O RP contou ao STP Digital que nesta altura das férias grandes, os jovens reúnem-se em pequenos get togethers em casa. Todavia procuram sempre ambientes com mais adrenalina, grandes festas e raves. “Infelizmente, o poder de compra ainda é baixo e eles procuram festas em que não gastem muito, mas em que se divirtam até de manhã. Na gravana existe público para todos os eventos, quem tiver bons DJ’s nas suas festas terá o evento lotado”.

Na agenda Nig tem uma série de eventos I love Mambo Rijo, como os que já realizou na cidade de São Tomé. Vem aí I love Mambo Rijo Príncipe, na cidade de Santo António. I love Mambo Rijo Praia, em Cabo Verde. I love Mambo Rijo Lisboa/Porto e Coimbra, em Portugal. Numa segunda fase, o RP planeia realizar o I love Mambo Rijo em Luanda (Angola). “Estamos a fechar algumas parcerias nesse sentido para darmos de facto um salto maior. Em princípio faremos 3 a 4 eventos anuais em São Tomé e Príncipe, Cabo Verde e Angola.”

A MVC quer organizar também uma color run (corrida de cores) em São Tomé. Esta corrida tem como inspiração o Holi ou Festival das Cores, celebração tradicional da Índia que comemora o início da primavera. Numa color run o objetivo é o mesmo: partilhar o mesmo espírito de celebração da vida, onde é possível brincar em família, entre amigos, sem pensar em competir.

Outro evento que está na agenda da MVC é o Experience Day/Weekend que consiste em ter palestras, workshops e feira com jovens num dia ou durante um fim de semana. Especificamente para Portugal, Nig disse que quer promover um Black Experience Day: “A ideia é convidar pessoas como o Éder David ou o Anselmo Ralph para falarem sobre a sua experiencia e contarem como foi o caminho deles para o sucesso. O objetivo é inspirar as pessoas através dessas histórias e fechar sempre com uma festa. A pessoa vai ao evento e vive um dia diferente e sai com outros conceitos, outra forma de pensar”, disse Nig entusiasmado. Nig também quer trazer Street Fashion para as ruas de São Tomé.

Aos olhos de muitos o estilo de vida de um RP pode parecer o de alguém que simplesmente não quer trabalhar, sobretudo, para quem nunca organizou um evento e não faz ideia de tudo o que é necessário para as coisas correrem bem. “Eu aprendi a não dar muita importância ao que as pessoas dizem. Eu sei o que tenho que fazer para que a coisa dê certo. Por exemplo, no dia da festa I love Mambo Rijo, saí às 6h e voltei às 6h. Para que o evento seja um sucesso, temos de fazer sacrifícios. Eu não me diverti, mas fiquei satisfeito por ver os outros a divertirem-se. Houve falhas, que vamos corrigir. E a vida é mesmo assim e é assim que se aprende para fazer melhor. Mas não é fácil. Tem que se gostar muito. E quando se trabalha naquilo que se gosta pode se trabalhar como escravo”, disse Nig.

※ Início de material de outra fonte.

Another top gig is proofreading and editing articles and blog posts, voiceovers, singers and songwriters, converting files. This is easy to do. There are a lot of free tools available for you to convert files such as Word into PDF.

Perguntamos-lhe qual é o limite para ele? “Não há limite. Mas eu gostaria muito de pôr São Tomé no mapa de destinos para grandes eventos: festivais e festas. Conseguir voos charters, cruzeiros para trazer pessoas para esses grandes eventos. Acho que um dia podemos chegar lá, construindo boas parcerias. Desde de operadores turísticos às autoridades para que trabalhemos juntos para que a coisa dê certo. Porque nós somos hospitaleiros por natureza, mas falta trabalhar na vertente entretenimento para dar melhor resposta ao turismo”.

Nig acrescentou ainda que sonhar é fácil, mas que o problema é depender dos outros. “Ainda não tenho todos os equipamentos necessários para realizar um evento. Assim sendo, dependo das colunas de alguém, das luzes de alguém, e mesmo sendo um serviço pago, cada um chega a hora que lhe convém e não se consegue cumprir com o cronograma e há sempre atrasos. Tenho sempre que contornar e improvisar, mas a dependência financeira é mesmo o maior desafio. Temos de contar sempre com os patrocínios, pois nem sempre podemos investir o nosso e correr o risco de perder.”

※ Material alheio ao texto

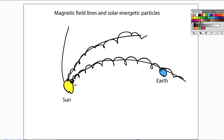That is one of the major significances of building these magnetic field lines in the interplanetary medium — understanding how they relate to the generation and propagation of solar energetic particles throughout the interplanetary medium. And that ends our tutorial.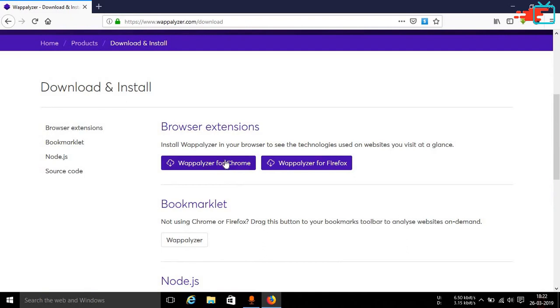Now it is available for Chrome as well as Firefox. Now that does not mean that you will only be able to use this on Mozilla Firefox and Google Chrome. It means that you can use it on any distribution of Firefox as well as on any distribution of Chromium.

Estão a surgir cada vez mais empresas de eventos e Relações Públicas no país, mas Nig lida bem com a concorrência. “Para mim é sempre bem-vinda. Instiga-me a investigar mais, procurar sempre um diferencial e deixa o mercado mais competitivo e agradável para se trabalhar e o público são-tomense agradece”.

Mas a vida não é apenas trabalho. E o coração está disponível? “Agora está! Eu estou ansioso para ser pai. Procuro uma mãe para o meu filho. Quem sabe esse desejo não se realize este ano”.